(INPUT FOR THIS TASK begins)
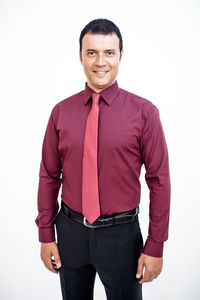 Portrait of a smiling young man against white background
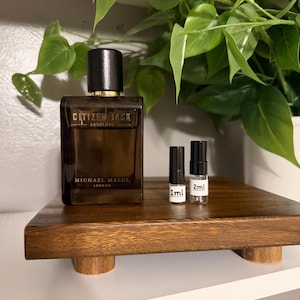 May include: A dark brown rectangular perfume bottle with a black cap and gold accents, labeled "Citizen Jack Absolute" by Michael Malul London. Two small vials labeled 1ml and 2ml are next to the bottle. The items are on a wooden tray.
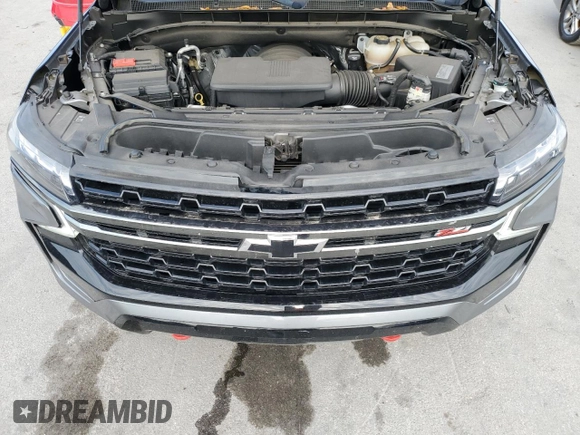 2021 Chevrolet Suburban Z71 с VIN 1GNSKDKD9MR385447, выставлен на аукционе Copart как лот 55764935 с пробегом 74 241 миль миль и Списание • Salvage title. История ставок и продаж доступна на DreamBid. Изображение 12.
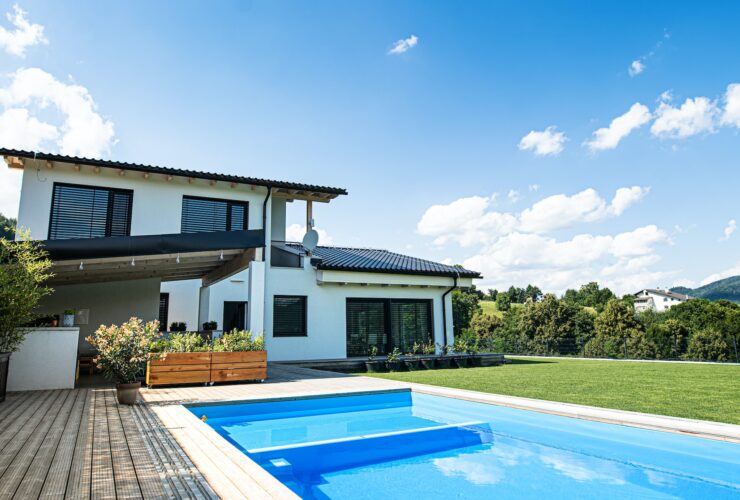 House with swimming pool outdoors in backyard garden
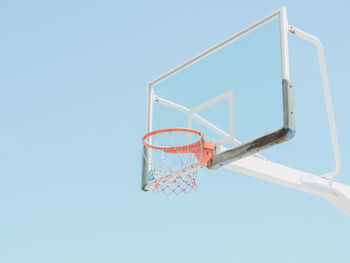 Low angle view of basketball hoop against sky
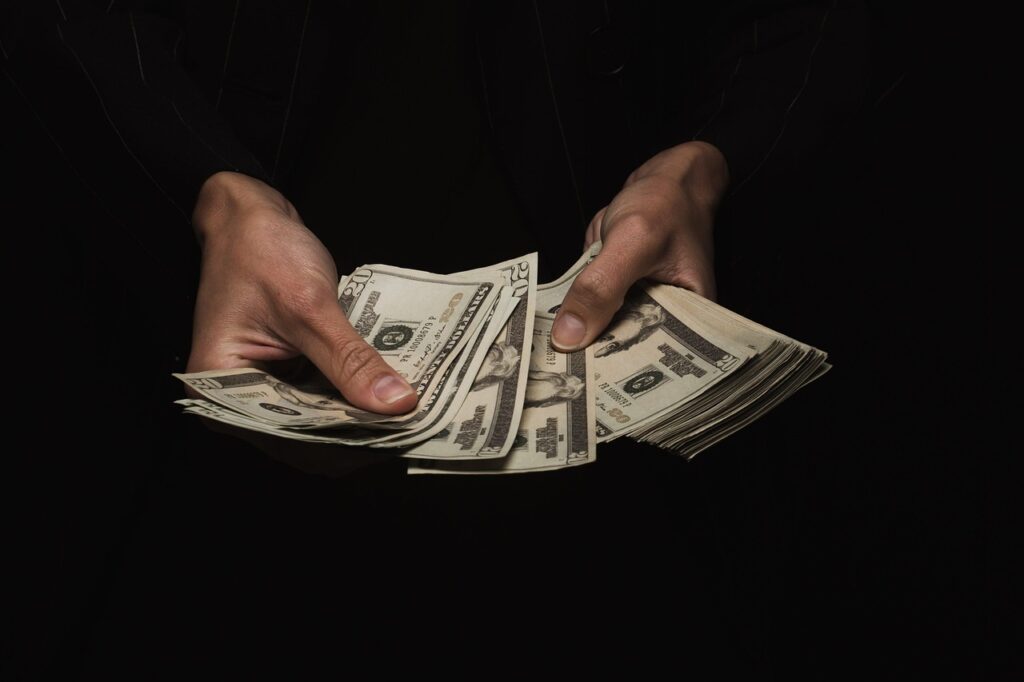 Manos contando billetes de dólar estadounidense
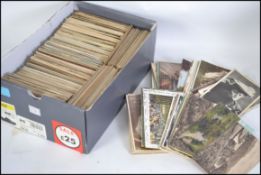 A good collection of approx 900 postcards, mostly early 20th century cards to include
(INPUT FOR THIS TASK ends)
(INPUT FOR THIS TASK begins)
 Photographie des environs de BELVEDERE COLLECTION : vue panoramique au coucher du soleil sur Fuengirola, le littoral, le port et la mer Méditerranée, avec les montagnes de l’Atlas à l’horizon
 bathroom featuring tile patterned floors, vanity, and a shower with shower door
(INPUT FOR THIS TASK ends)
### WORK REQUEST:
What you write out is the stretch of entries from the line containing "Portrait of a" to the line containing "A good collection", word for word, with both end lines and no pictures.

### YOUR SOLUTION:
 Portrait of a smiling young man against white background
 May include: A dark brown rectangular perfume bottle with a black cap and gold accents, labeled "Citizen Jack Absolute" by Michael Malul London. Two small vials labeled 1ml and 2ml are next to the bottle. The items are on a wooden tray.
 2021 Chevrolet Suburban Z71 с VIN 1GNSKDKD9MR385447, выставлен на аукционе Copart как лот 55764935 с пробегом 74 241 миль миль и Списание • Salvage title. История ставок и продаж доступна на DreamBid. Изображение 12.
 House with swimming pool outdoors in backyard garden
 Low angle view of basketball hoop against sky
 Manos contando billetes de dólar estadounidense
 A good collection of approx 900 postcards, mostly early 20th century cards to include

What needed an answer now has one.